[Available data Boundary: Start]

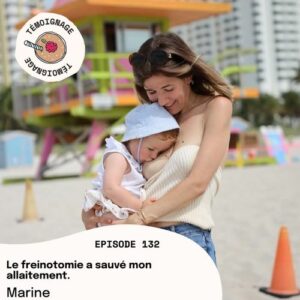 Épisode 132 - Marine : La freinotomie a sauvé mon allaitement.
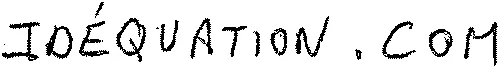 Idéquation.com est une marque déposée par IDEQUATION.COM (IDEQUATION.COM)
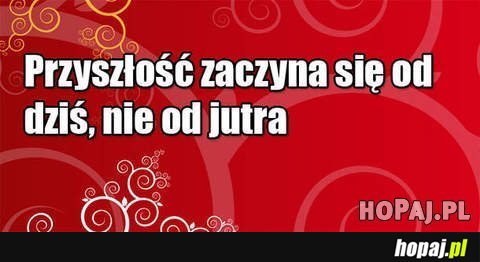 Przyszłość zaczyna się od dziś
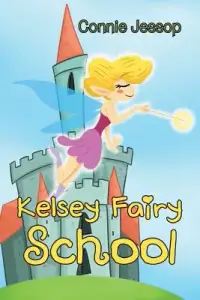 在飛比找博客來優惠-Kelsey Fairy School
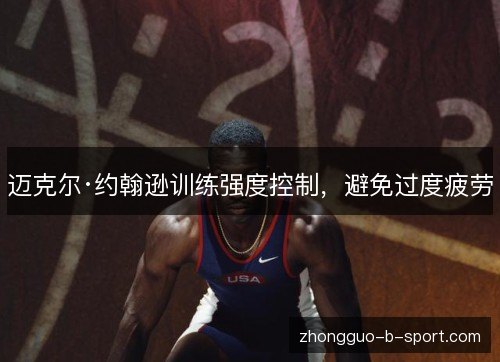 迈克尔·约翰逊训练强度控制,避免过度疲劳 迈克尔·约翰逊训练强度控制,避免过度疲劳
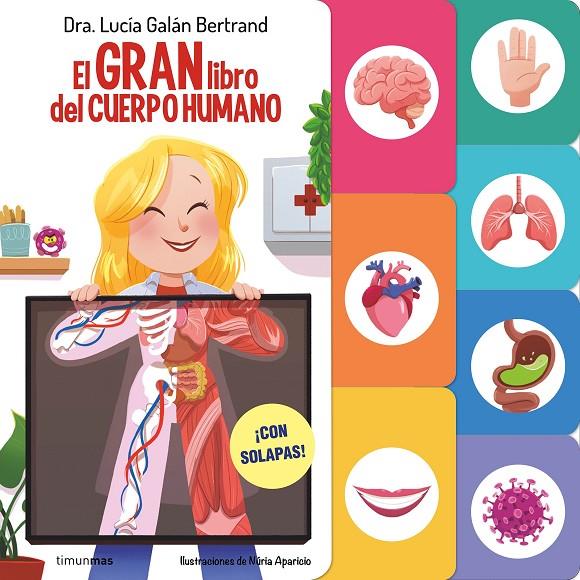 EL GRAN LIBRO DEL CUERPO HUMANO | 9788408291589 | GALÁN BERTRAND, LUCÍA | Galatea Llibres | Llibreria online de Reus, Tarragona | Comprar llibres en català i castellà online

[Available data Boundary: End]

(Task to complete)
Repeat the data above exactly, images excluded.

(Response area)
 Épisode 132 - Marine : La freinotomie a sauvé mon allaitement.
 Idéquation.com est une marque déposée par IDEQUATION.COM (IDEQUATION.COM)
 Przyszłość zaczyna się od dziś
 在飛比找博客來優惠-Kelsey Fairy School
 迈克尔·约翰逊训练强度控制,避免过度疲劳 迈克尔·约翰逊训练强度控制,避免过度疲劳
 EL GRAN LIBRO DEL CUERPO HUMANO | 9788408291589 | GALÁN BERTRAND, LUCÍA | Galatea Llibres | Llibreria online de Reus, Tarragona | Comprar llibres en català i castellà online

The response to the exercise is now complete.